**INSTRUCTIONS TO FOLLOW**
Repeat every entry word for word, skipping the pictures.

══ SUPPLIED INFORMATION

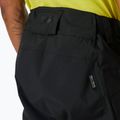 Vyriški buriavimo šortai Helly Hansen Hp Foil 2.0 ebony 4
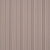 Ткань Anka Nerval Stripe 52700 цвет 1051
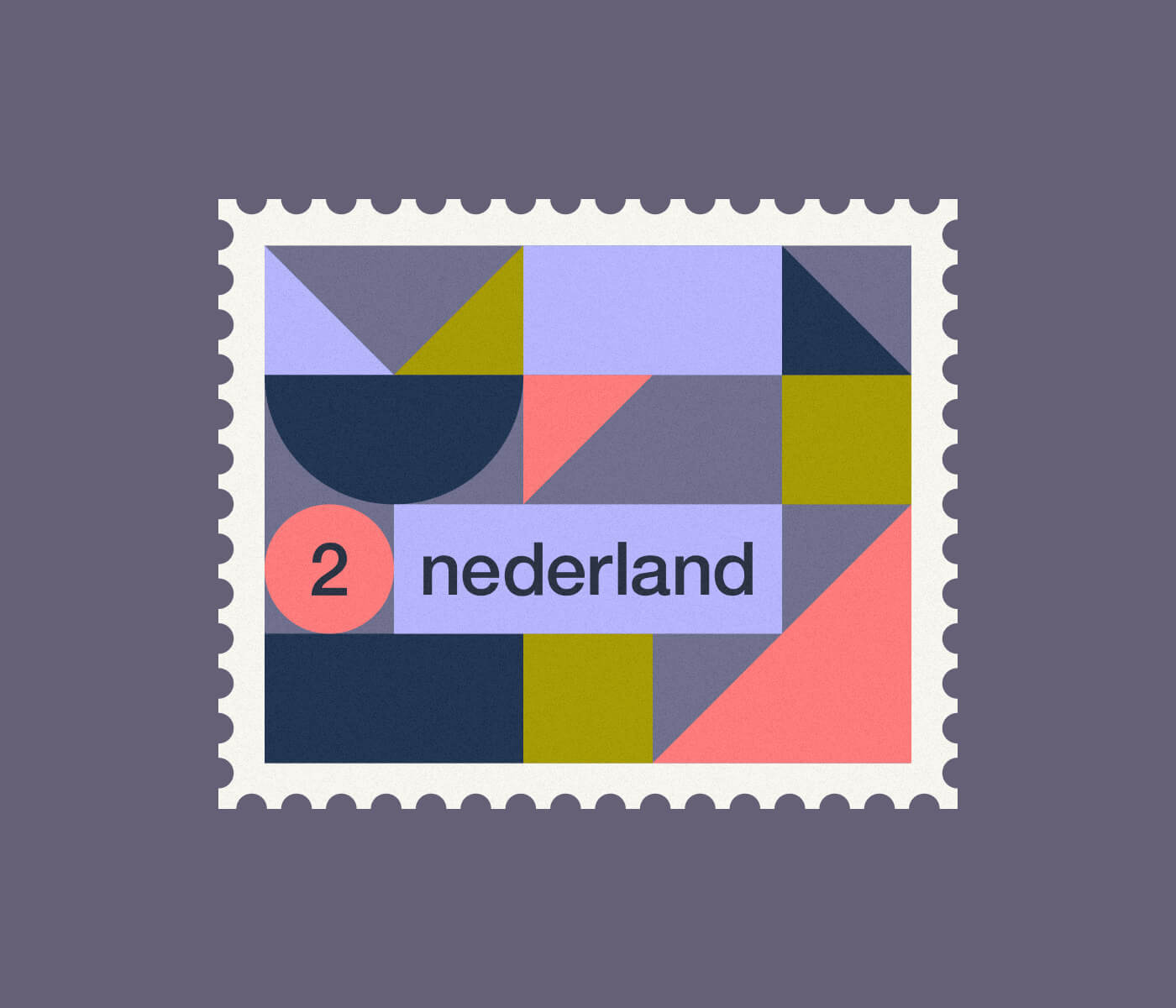 stamp 3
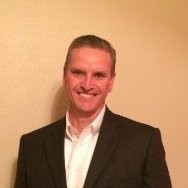 McKinley Packaging Company Employee Jeffrey Mallett's profile photo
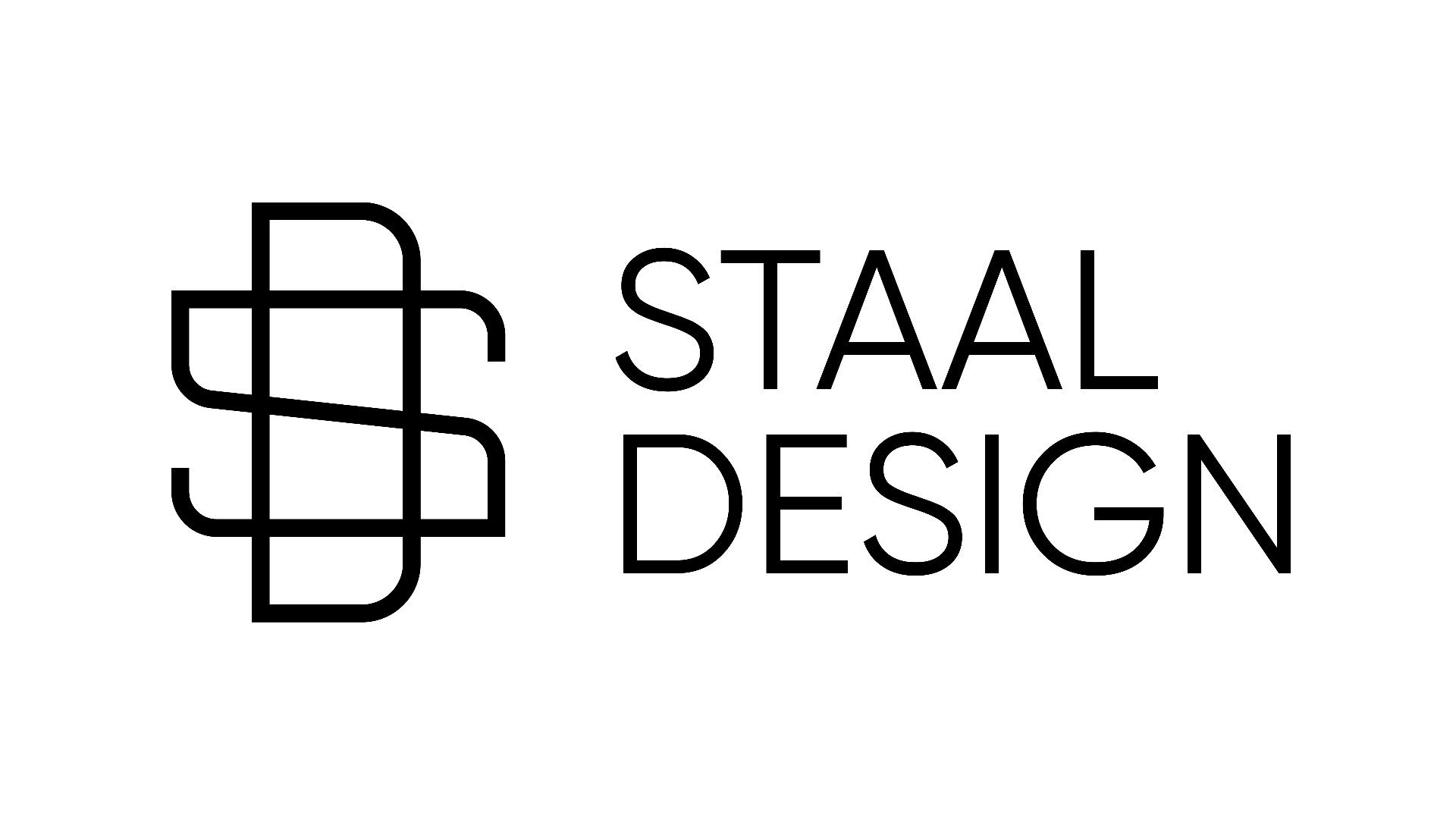 Staal Design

════

**WRITTEN RESPONSE**
 Vyriški buriavimo šortai Helly Hansen Hp Foil 2.0 ebony 4
 Ткань Anka Nerval Stripe 52700 цвет 1051
 stamp 3
 McKinley Packaging Company Employee Jeffrey Mallett's profile photo
 Staal Design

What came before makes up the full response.